Elle laisse un plaisir aigre doux, la défaite du sénateur Joe Lieberman dans les primaires qui se sont déroulées mardi dans le Connecticut, pour choisir le candidat démocrate au sénat dans les élections de novembre. Doux parce qu’enfin les faucons – comme le candidat à la vice présidence avec Al Gore dans la campagne de 2000- commencent à payer le prix politique  de leur bellicisme, qui plus est dans un état centriste comme le Connecticut. Si bien que le New York Times a décrit ce vote comme «  une des très rares fois où les modérés se mettent en colère » parce qu’ils voient leur pays entraîné dans une guerre  qui, en 41 mois, a coûté aux Etats-Unis au moins 250 milliards de dollars, et la mort de 2600 soldats,  alors qu’elle leur avait été présentée comme une guerre éclair justifiée par le « droit légitime à l’autodéfense contre le terrorisme » (ça vous rappelle quelque événement plus récent au Moyen-Orient ?).

Et le très pro israélien sénateur ne sera pas le seul démocrate à payer son militarisme et sa syntonie avec les positions du président Bush, que les démocrates du Connecticut ont trouvée pour le moins suspecte. Un autre petit falconidé, la sénatrice démocrate de l’état de Washington, Maria Cantwell, risque de perdre son siège en novembre. Mais le plus illustre des rapaces en péril est Hillary Clinton, dirigeante de pointe du clan, et metteur en scène occulte depuis toujours  des choix de Lieberman. Hillary, beaucoup plus prompte dans ses réflexes, essaie maintenant de prendre ses distances non seulement avec la guerre, mais aussi  avec son amitié bipartisane pour le faucon républicain John McCain avec qui elle avait, jusqu’à avant-hier (mardi, jour de l’élection, ndt) partagé d’épiques parties de vodka dans ses voyages à l’étranger pour la Commission Défense du Sénat : McCain est en pole position  parmi les candidats républicain à la nomination de 2008, comme Hillary l’est pour les démocrates.
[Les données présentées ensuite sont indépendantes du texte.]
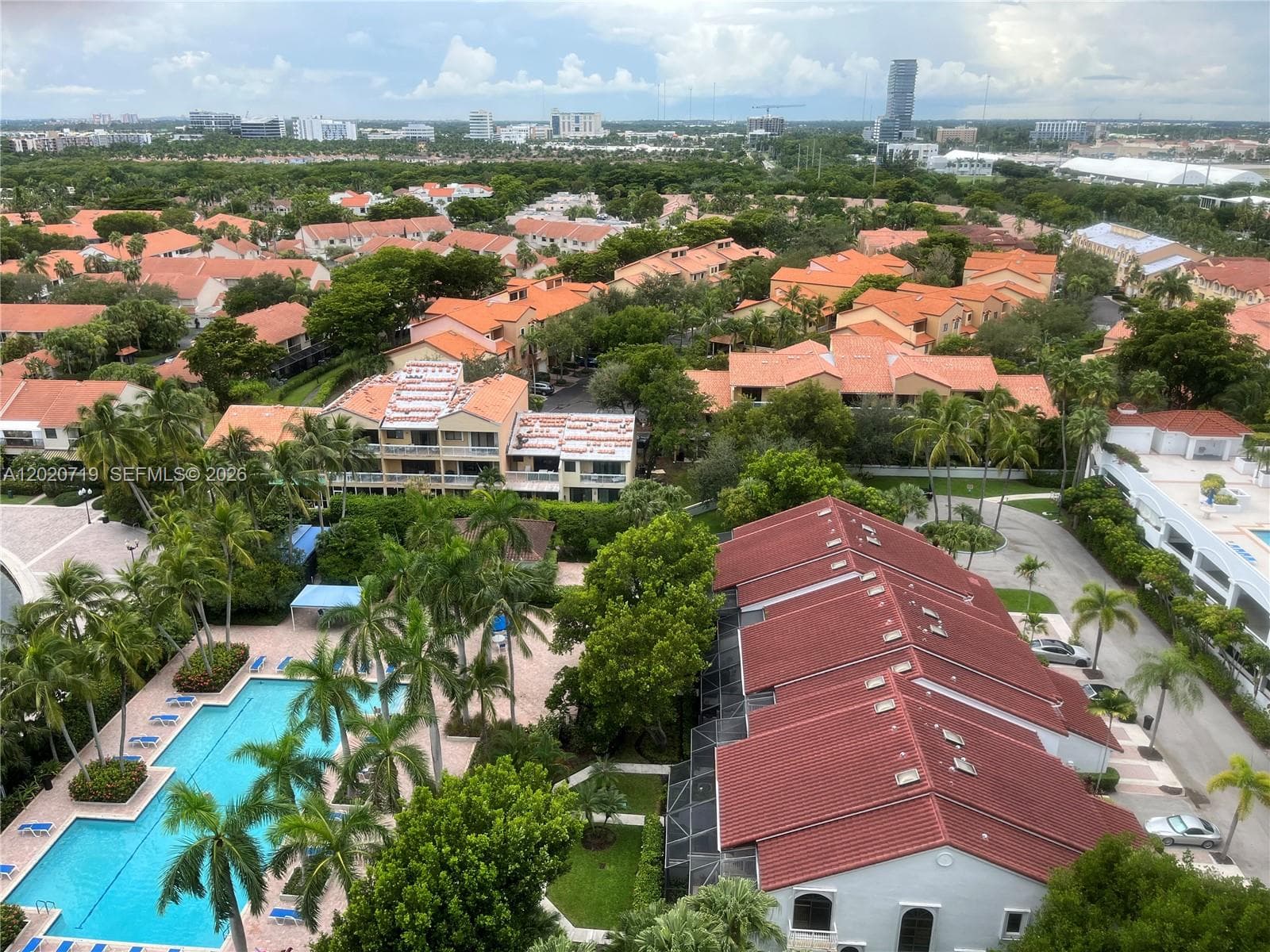 3610 Yacht Club Dr, Aventura FL 33180 photo 2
La défaite du Connecticut n’est pour le moment qu’un signal envoyé par les électeurs, modeste mais sans équivoque : si le parti démocrate veut reconquérir  la majorité au sénat, il doit expliciter son opposition à la guerre en Irak et proposer un désengagement dans des délais rapides. La guerre avait déjà coûté son poste à José Maria Aznar en Espagne. Elle a joué  aussi en Italie au mois d’avril, faisant voter pour le centre gauche même ceux qui se bouchaient le nez pour certaines positions papalines (les soldats papalins étaient les soldats du pape, un tantinet serviles, toujours à baiser des mains par ci, à faire des génuflexions par là devant quelque cardinal ; l’adjectif indique le servilisme, ndt sur précision de l’auteur). Mais la facture à payer maintenant  est présentée directement à la classe politique étasunienne qui a érigé le bellicisme en système de gouvernement et la fuite en avant militariste en unique perspective stratégique. Une leçon  que ses sujets/alliés israéliens  semblent avoir bien apprise, comme le montre la guerre au Liban et l’élargissement continu du front au nom d’une victoire toujours à portée de main, et toujours renvoyée.
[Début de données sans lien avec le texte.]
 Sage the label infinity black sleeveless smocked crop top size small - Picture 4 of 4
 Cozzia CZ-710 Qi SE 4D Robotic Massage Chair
La saveur aigre de la défaite de Lieberman vient par contre du retard avec lequel s’est manifestée « la colère des modérés » qui fit défaut en 2004 et offrit à Bush quatre années supplémentaires. A l’époque, les Clinton imposèrent au parti démocrate de mettre la pédale douce sur l’Irak, presque comme une volonté de ne pas gagner. Comme il en va pour la coalition qui nous gouverne, mais ne nous représente pas toujours, et fait preuve de prudences, précautions, hésitations sur le thème de la guerre (en Irak, en Afghanistan), tenant avec nous, italiens, un discours public différent de celui qu’elle a en privé avec ses interlocuteurs étasuniens : avec l’idée qu’on puisse avaliser des meurtres, tueries, destructions, sans jamais en payer le prix. Une idée saugrenue de la guerre gratuite, de la guerre à l’œil, qui heureusement tôt ou tard (et malheureusement plus tard que tôt) se révèle être un boomerang.